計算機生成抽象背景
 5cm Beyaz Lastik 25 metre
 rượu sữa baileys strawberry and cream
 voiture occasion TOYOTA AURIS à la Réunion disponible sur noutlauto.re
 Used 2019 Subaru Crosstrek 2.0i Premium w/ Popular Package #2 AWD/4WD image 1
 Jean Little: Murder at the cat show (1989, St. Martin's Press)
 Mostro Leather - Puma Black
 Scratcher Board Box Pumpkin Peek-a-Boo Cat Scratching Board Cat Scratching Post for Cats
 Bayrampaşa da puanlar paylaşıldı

****

--- Instructions to follow ---
The records need to be set down again without a single difference.

--- Response to the task ---
計算機生成抽象背景
 5cm Beyaz Lastik 25 metre
 rượu sữa baileys strawberry and cream
 voiture occasion TOYOTA AURIS à la Réunion disponible sur noutlauto.re
 Used 2019 Subaru Crosstrek 2.0i Premium w/ Popular Package #2 AWD/4WD image 1
 Jean Little: Murder at the cat show (1989, St. Martin's Press)
 Mostro Leather - Puma Black
 Scratcher Board Box Pumpkin Peek-a-Boo Cat Scratching Board Cat Scratching Post for Cats
 Bayrampaşa da puanlar paylaşıldı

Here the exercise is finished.